__RECORDS FOR THIS EXERCISE__:
⁂

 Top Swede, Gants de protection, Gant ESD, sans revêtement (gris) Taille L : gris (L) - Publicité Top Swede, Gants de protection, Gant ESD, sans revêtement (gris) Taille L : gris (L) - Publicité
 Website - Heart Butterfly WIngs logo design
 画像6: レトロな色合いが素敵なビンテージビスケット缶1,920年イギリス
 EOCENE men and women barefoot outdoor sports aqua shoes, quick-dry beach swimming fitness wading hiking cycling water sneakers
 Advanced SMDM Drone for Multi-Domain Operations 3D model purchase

⁂

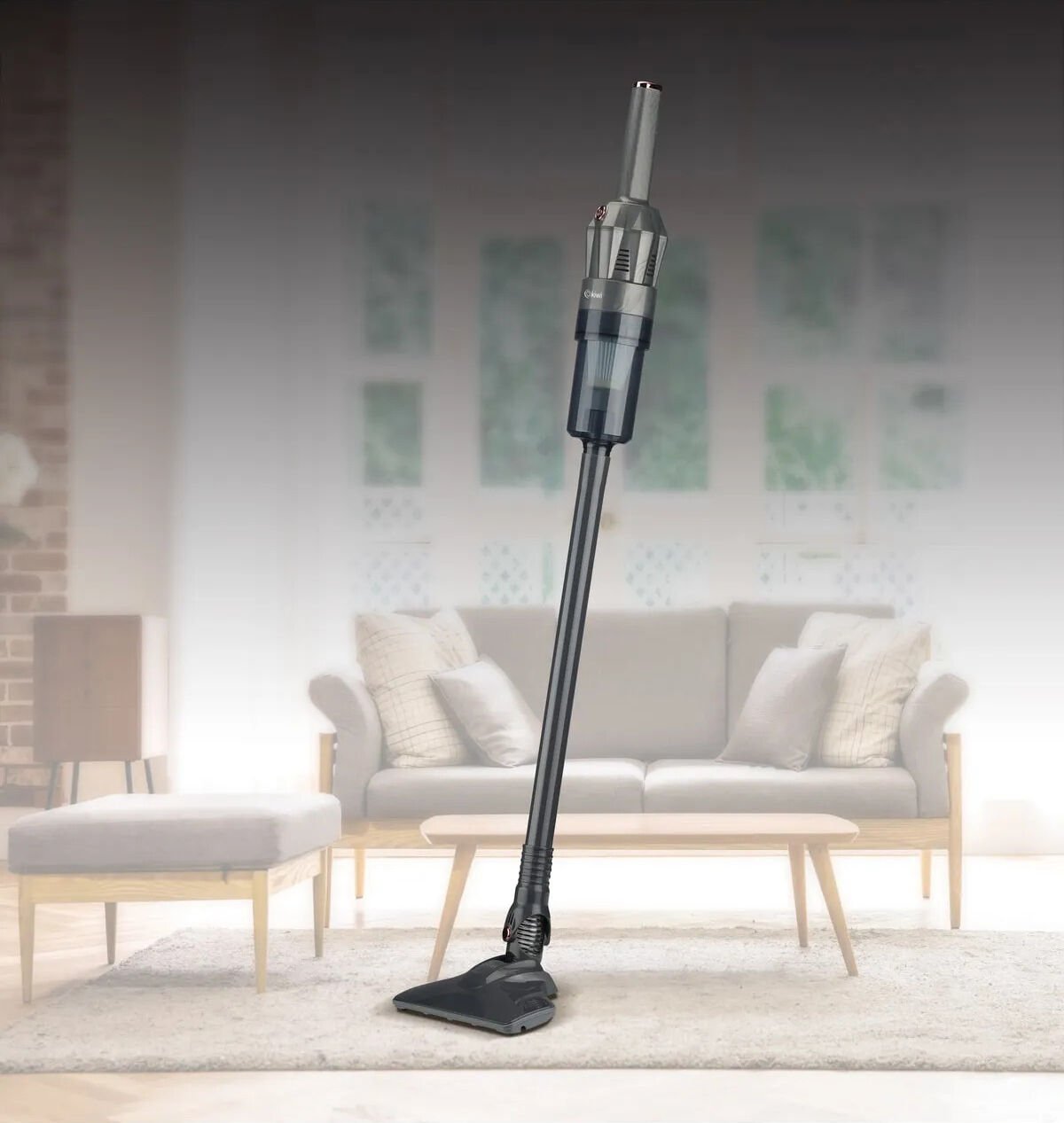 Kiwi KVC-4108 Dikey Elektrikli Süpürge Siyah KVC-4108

⁂

__YOUR OBJECTIVE__:
Every line above from the line with "- Publicité Top" to the line with "画像6: レトロな色合いが素敵なビンテージビスケット缶1,920年イギリス", inclusive, must be returned exactly; no other line belongs in the reply.

__SOLUTION BELOW__:
 Top Swede, Gants de protection, Gant ESD, sans revêtement (gris) Taille L : gris (L) - Publicité Top Swede, Gants de protection, Gant ESD, sans revêtement (gris) Taille L : gris (L) - Publicité
 Website - Heart Butterfly WIngs logo design
 画像6: レトロな色合いが素敵なビンテージビスケット缶1,920年イギリス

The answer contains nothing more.